**WHAT IS REQUIRED**
With pictures removed, print the listing exactly.

'''

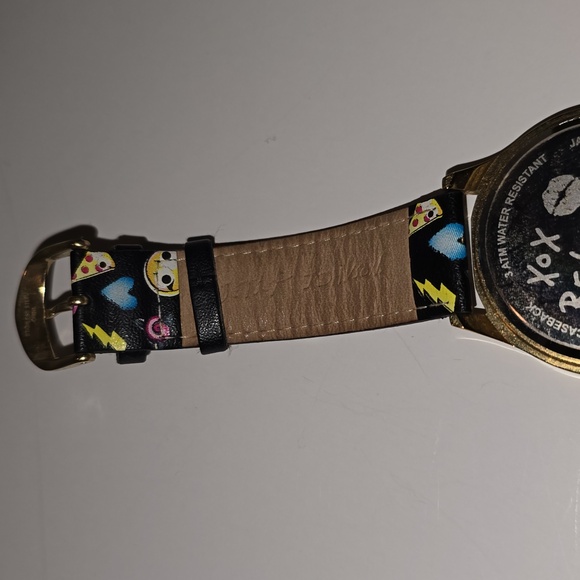 Betsey Johnson Gold Cartoon Watch with Black Strap
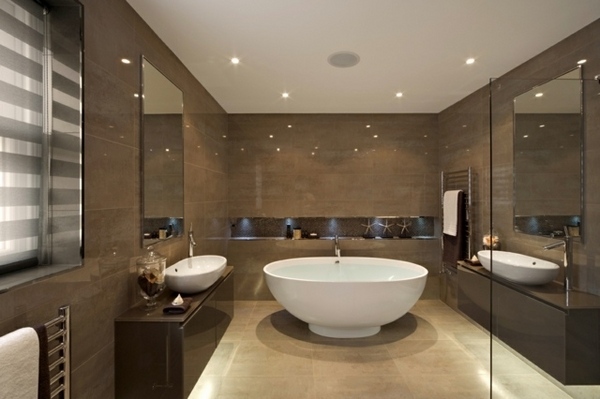 Chocolate brown round bath tub elegant design
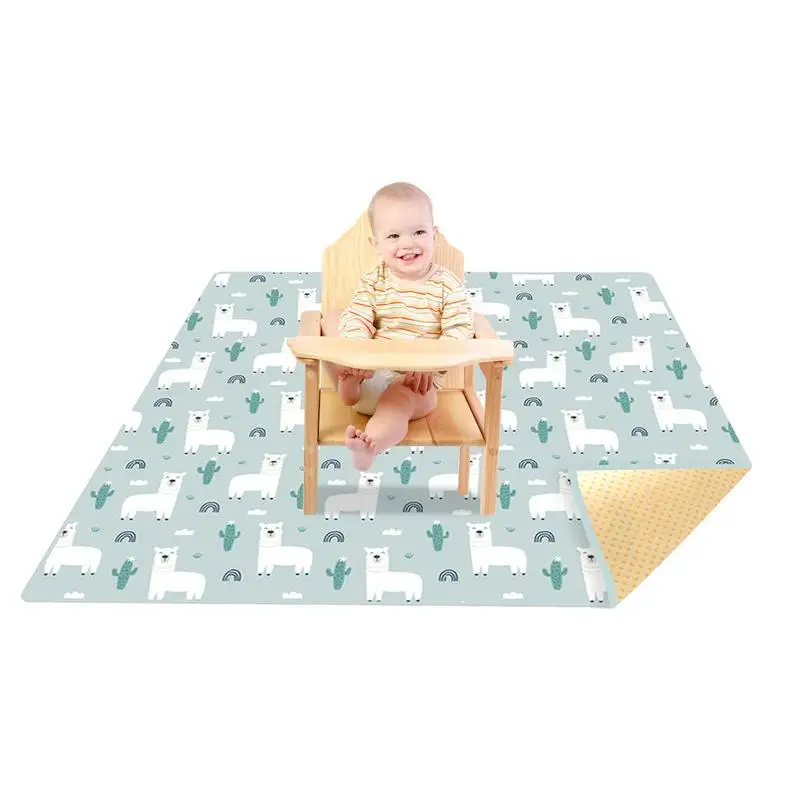 High Chair Floor Mat Waterproof High Chair Mat Anti-Slip And Foldable Splat Mat Washable Camping Floor Mat For Dining Table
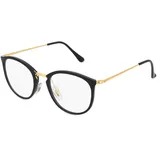 Ray Ban Ray-Ban RX7140 Unisex-Brille inkl. Gläser Vollrand Panto Kunststoff-Gestell, Schwarz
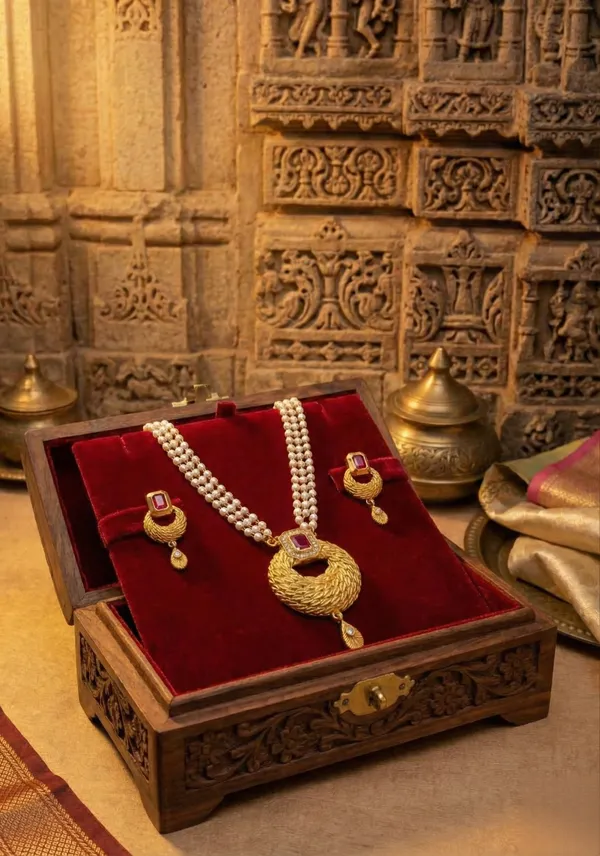 Gold-Plated_&_Pearl_Fusion_Necklace_Set_with_Matching_Drop_Earrings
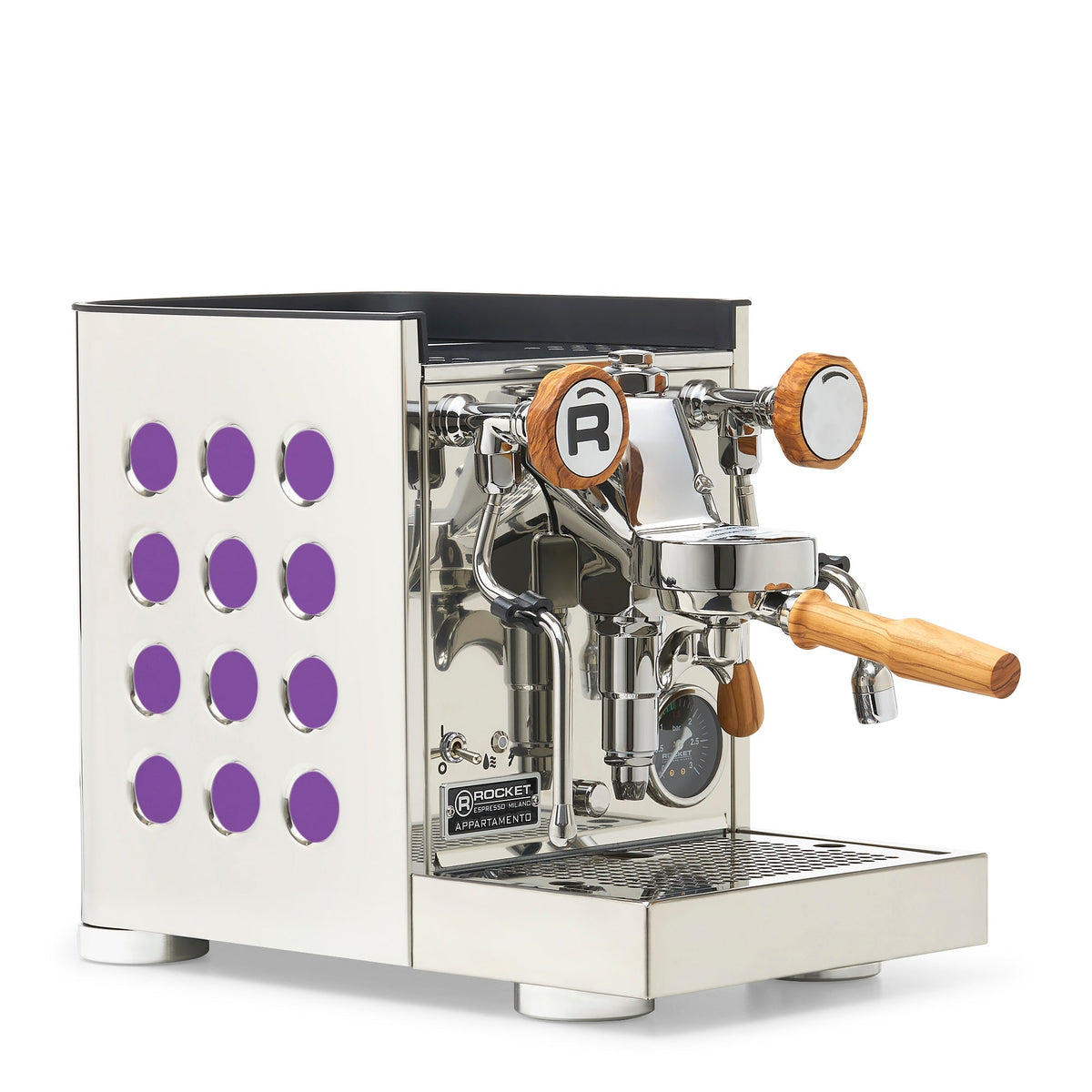 Rocket Espresso Appartamento TCA Espresso Machine - Stainless Steel with Black Stripe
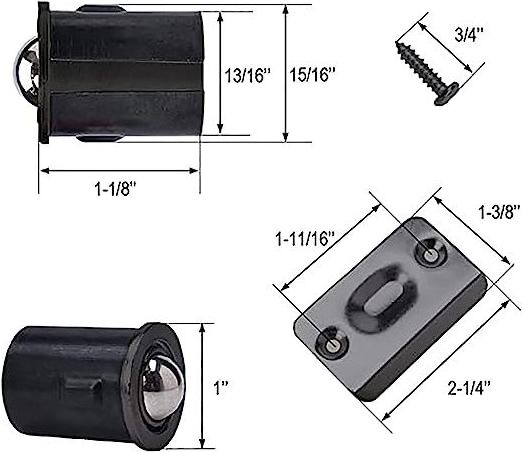 America Door Ball Catch, Drive in Ball Catches for Interior Doors Closet Door Ball Catch Hardware, Door Tension Adjustable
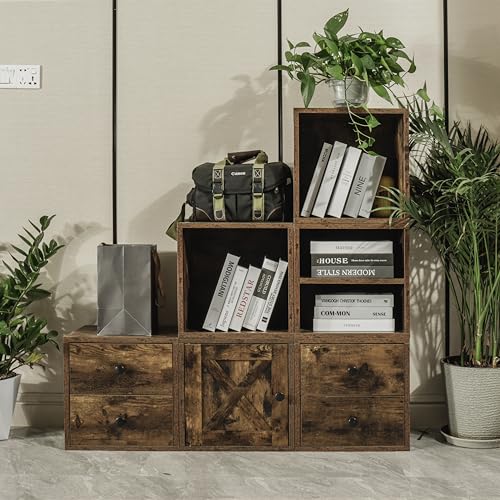 FUSUNBAO Magic DIY Cube Storage Organizer Stackable Cubes for Home Books Clothes Toy -Modular Cubby Storage System -Stackable Storage Cubes-Bookcase Closet (Antique Brown, 1 Layer Cube)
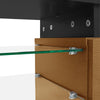 Modern LED TV Stand Unit Wooden Cabinet with Glass Shelves & 2 Drawers Storage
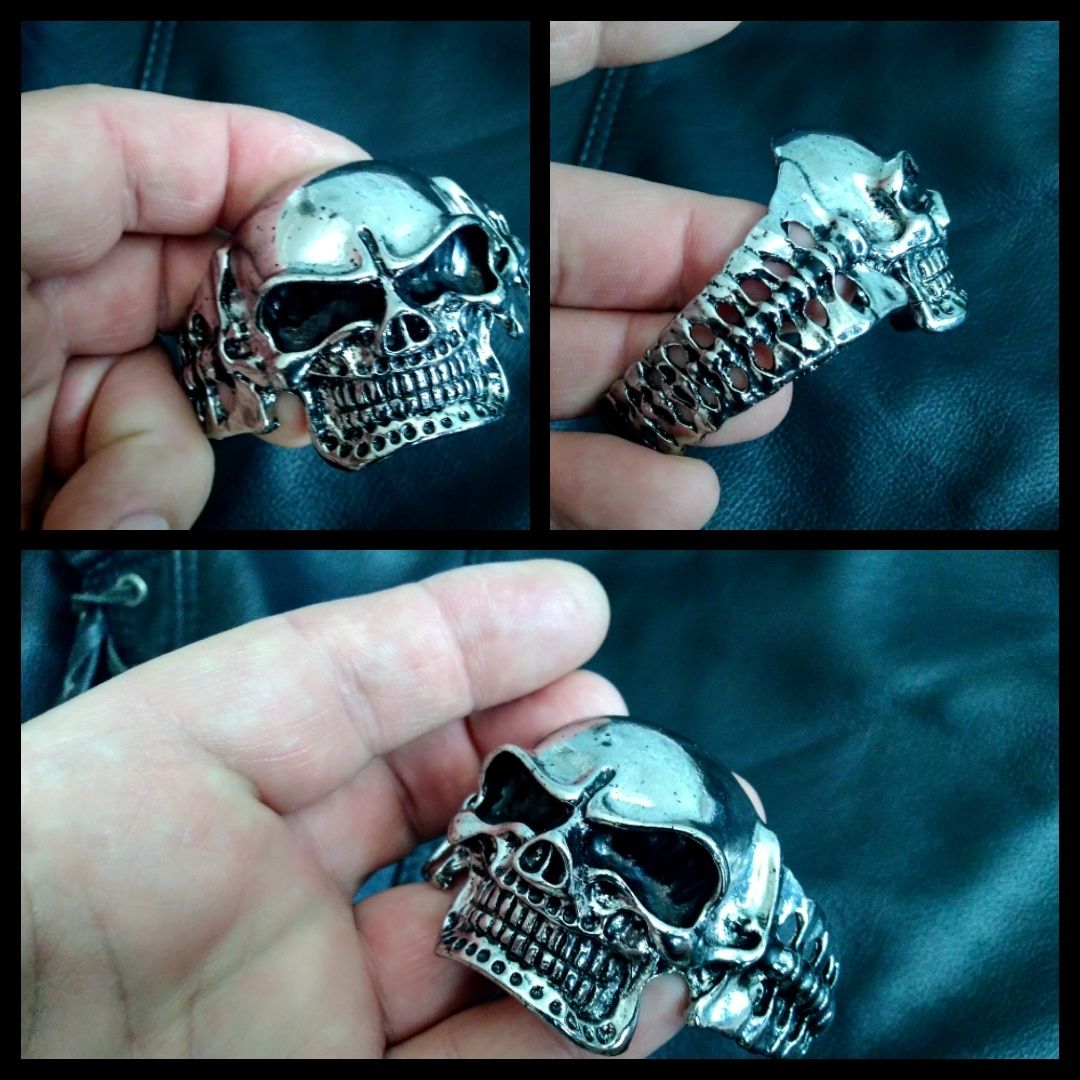 Czaszka skull czacha bransoletka Moto chopper Harley gotyk metal rock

'''

**WRITTEN SOLUTION**
 Betsey Johnson Gold Cartoon Watch with Black Strap
 Chocolate brown round bath tub elegant design
 High Chair Floor Mat Waterproof High Chair Mat Anti-Slip And Foldable Splat Mat Washable Camping Floor Mat For Dining Table
 Ray Ban Ray-Ban RX7140 Unisex-Brille inkl. Gläser Vollrand Panto Kunststoff-Gestell, Schwarz
 Gold-Plated_&_Pearl_Fusion_Necklace_Set_with_Matching_Drop_Earrings
 Rocket Espresso Appartamento TCA Espresso Machine - Stainless Steel with Black Stripe
 America Door Ball Catch, Drive in Ball Catches for Interior Doors Closet Door Ball Catch Hardware, Door Tension Adjustable
 FUSUNBAO Magic DIY Cube Storage Organizer Stackable Cubes for Home Books Clothes Toy -Modular Cubby Storage System -Stackable Storage Cubes-Bookcase Closet (Antique Brown, 1 Layer Cube)
 Modern LED TV Stand Unit Wooden Cabinet with Glass Shelves & 2 Drawers Storage
 Czaszka skull czacha bransoletka Moto chopper Harley gotyk metal rock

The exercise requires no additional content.